** Opening PROVIDED DATA block **

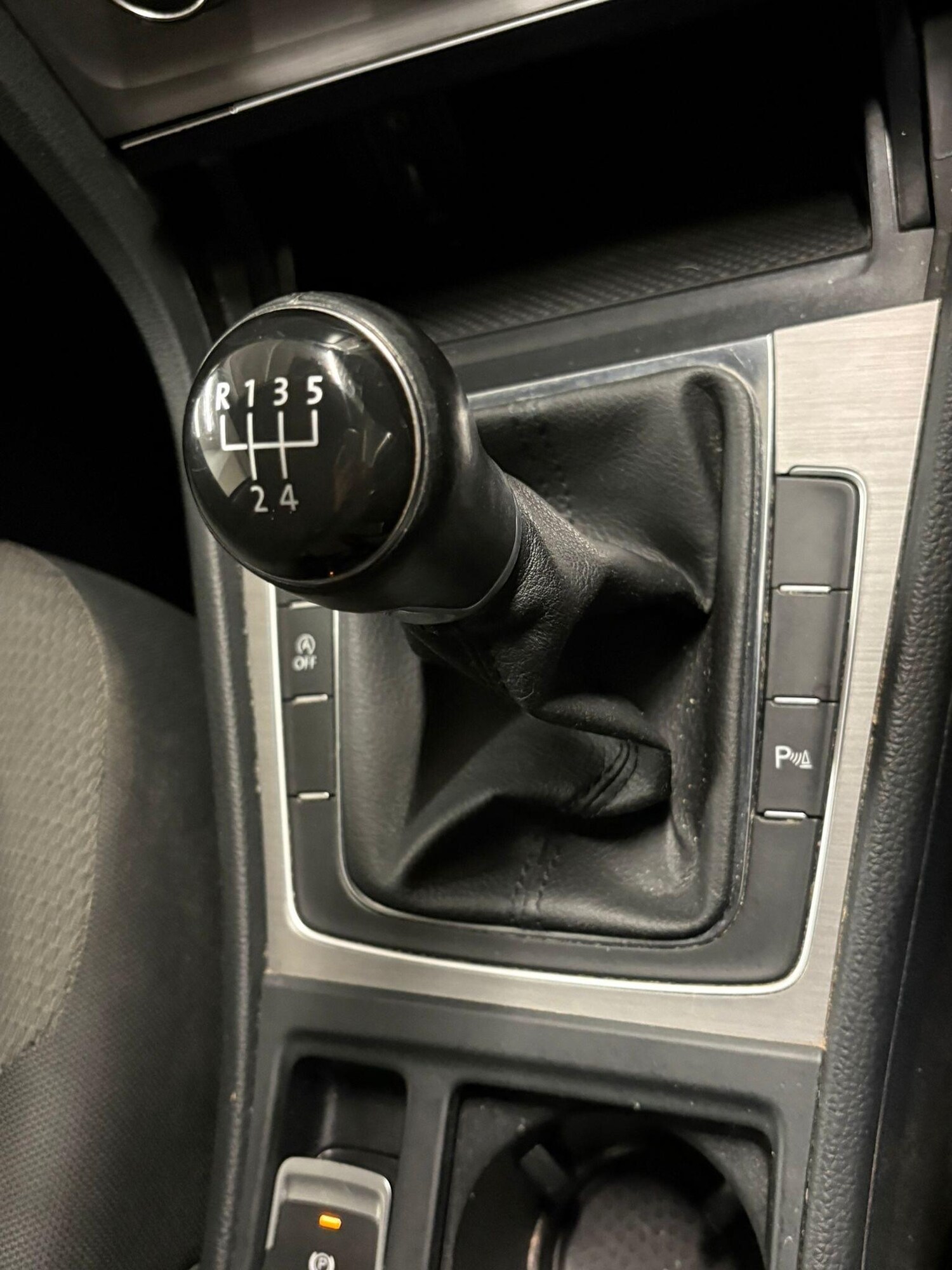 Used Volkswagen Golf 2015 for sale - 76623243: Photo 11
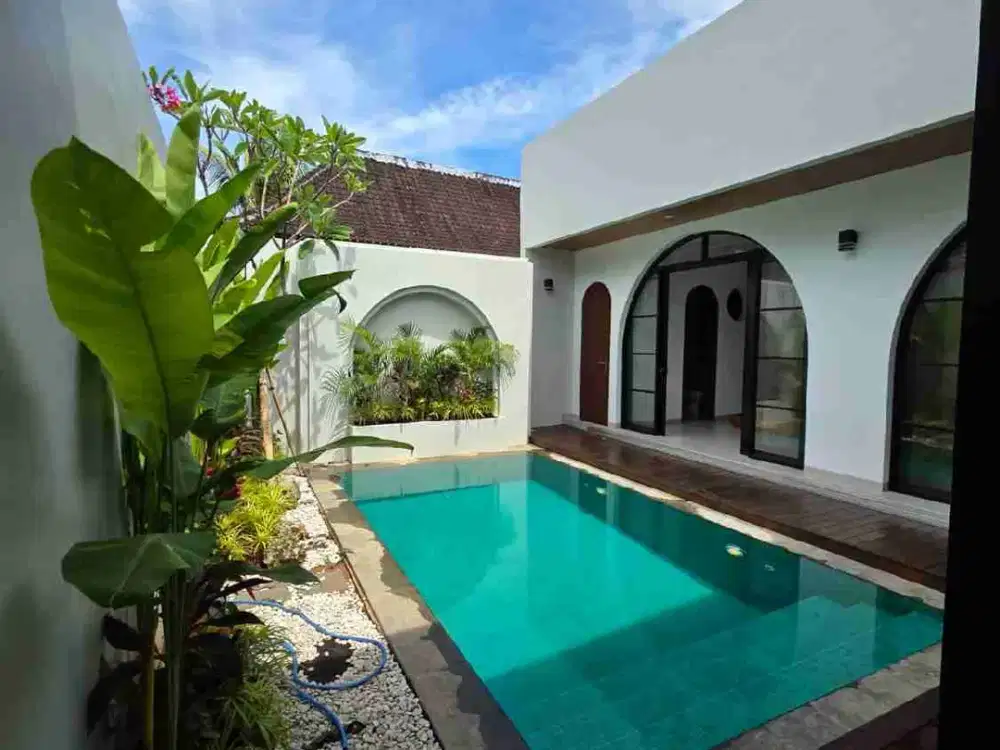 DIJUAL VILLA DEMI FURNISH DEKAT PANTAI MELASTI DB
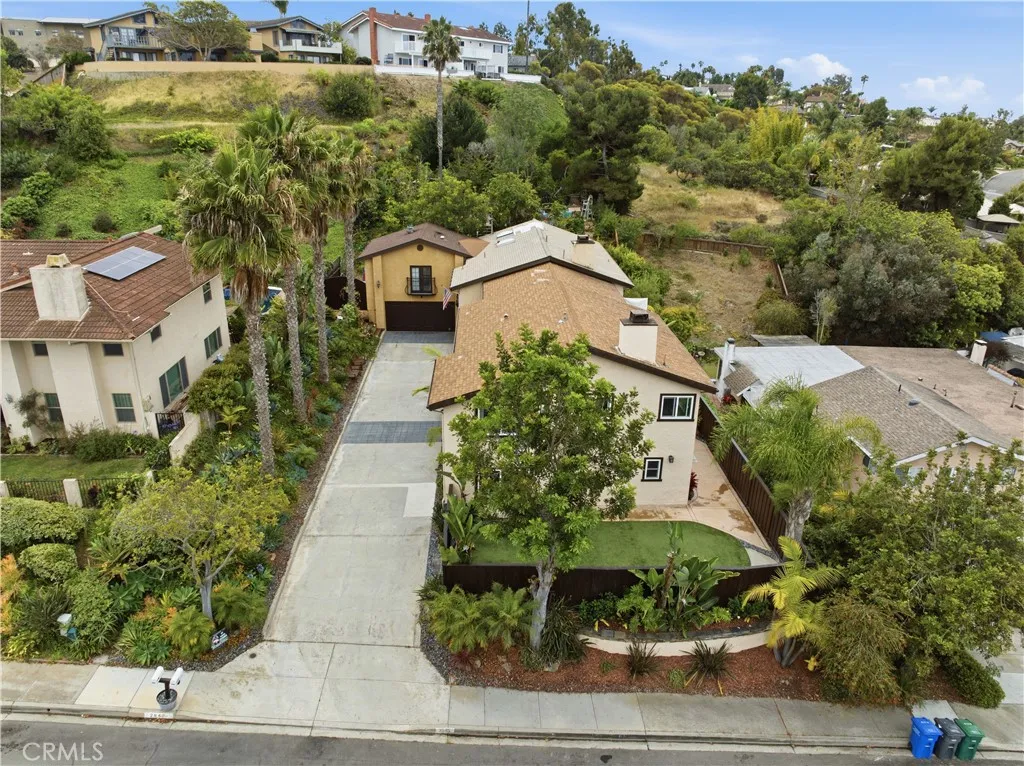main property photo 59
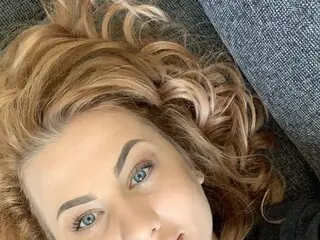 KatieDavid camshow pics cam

** Closing PROVIDED DATA block **

== WHAT IS BEING ASKED ==
Return exactly the lines starting at the line with "main property photo 59" and ending at the last line of the listing, both ends included; pictures are to be left out.

== SOLUTION TO THIS TASK ==
main property photo 59
 KatieDavid camshow pics cam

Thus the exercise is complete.